Closed Yan1026 closed 2 years ago
I fix it.Compared the code of VOC-main and Cityscape-main,I found that Cityscape-main lack a line of code about DDP.
args.ddp = True if args.gpus > 1 else False
After adding the code, the model can be trained.Maybe your code is a test version or I made a mistake.
Glad to hear you solve it.

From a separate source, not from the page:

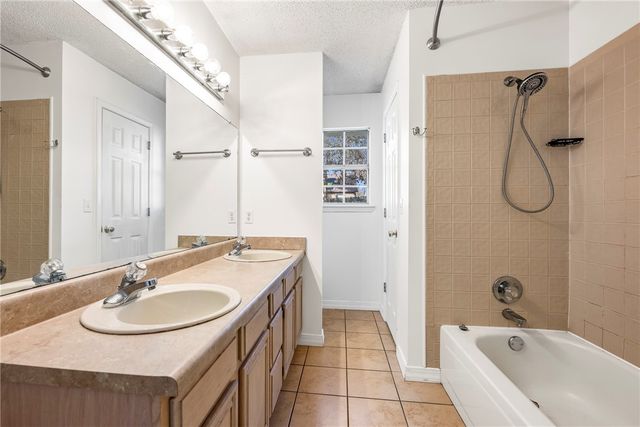 3374 Cornell Drive, Fayetteville, AR 72704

In our experiments, I added the flag "--ddp" manually, and I missed this line when I re-organize the code.
Thanks a lot for reporting it.
Hi @yyliu01 ,I train withbash ./scripts/train_city.sh -l 372 -g 4 -b 50
,but get error:
Saving a checkpoint: saved/final_test/372_mIoU_0.6137_model_e10.pth ...
EVAL ID (Model 1) (10) | PixelAcc: 0.9311, Mean IoU: 0.6137 |
Traceback (most recent call last):
File "CityCode/main.py", line 203, in <module>
mp.spawn(main, nprocs=config['n_gpu'], args=(config['n_gpu'], config, args))
File "/home/imu_zhengyuan/.conda/envs/ps-mt/lib/python3.7/site-packages/torch/multiprocessing/spawn.py", line 230, in spawn
return start_processes(fn, args, nprocs, join, daemon, start_method='spawn')
File "/home/imu_zhengyuan/.conda/envs/ps-mt/lib/python3.7/site-packages/torch/multiprocessing/spawn.py", line 188, in start_processes
while not context.join():
File "/home/imu_zhengyuan/.conda/envs/ps-mt/lib/python3.7/site-packages/torch/multiprocessing/spawn.py", line 150, in join
raise ProcessRaisedException(msg, error_index, failed_process.pid)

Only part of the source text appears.